Objective: Create a classification model for Spotify Listening Personas
Goals:
- Work with real, up to date data
- Store data in the cloud
- Use relevant libraries
- Choose appropriate algorithms such as KNN, Decision Trees, Random Forest, Naive Bayes and find the “best” model (How do I know what the best model is?)
- perform validation tests on data
- outline assumptions of the model
- Be able to repeat the process on new data and upload it to the cloud (historical data cycle)
Outline:
- [x] Get data from Spotify Charts through API scraping and InfluxDB
- [ ] Clean and prepare the data, feature scaling and regularization for the models
- [ ] Explore and Visualize Data
- [ ] Ask Questions About the Data
- [ ] Use those questions to determine how you will build model, read Data 8 https://inferentialthinking.com/chapters/17/Classification.html
- [ ] Build Model using K-means, K-NN
- K-NN: set list of criteria using pandas queries to make a new column (’Mood’) classifying the type of song it is: [Chill, Upbeat, Crazy, Slow, etc]

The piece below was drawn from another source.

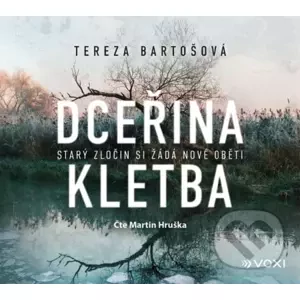 Dceřina kletba (audiokniha) - Tereza Bartošová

- then use KNN to predict a song’s ‘Mood’ based on the features
- K-means: cluster the songs into k (first find optimal k) different listening personas
- [ ] Create A Dashboard for the model using Dash/Plotly and deploy it!
- Allow for new data to be read into the web-app and new predictions and metrics to be generated!
- Data Pipeline: Data collection → Wrangling → Feed it into the model → Model results via Dashboard/App
- [ ] Optimize Model?
- [ ] Explain the importance of this project: How would this be beneficial to Spotify?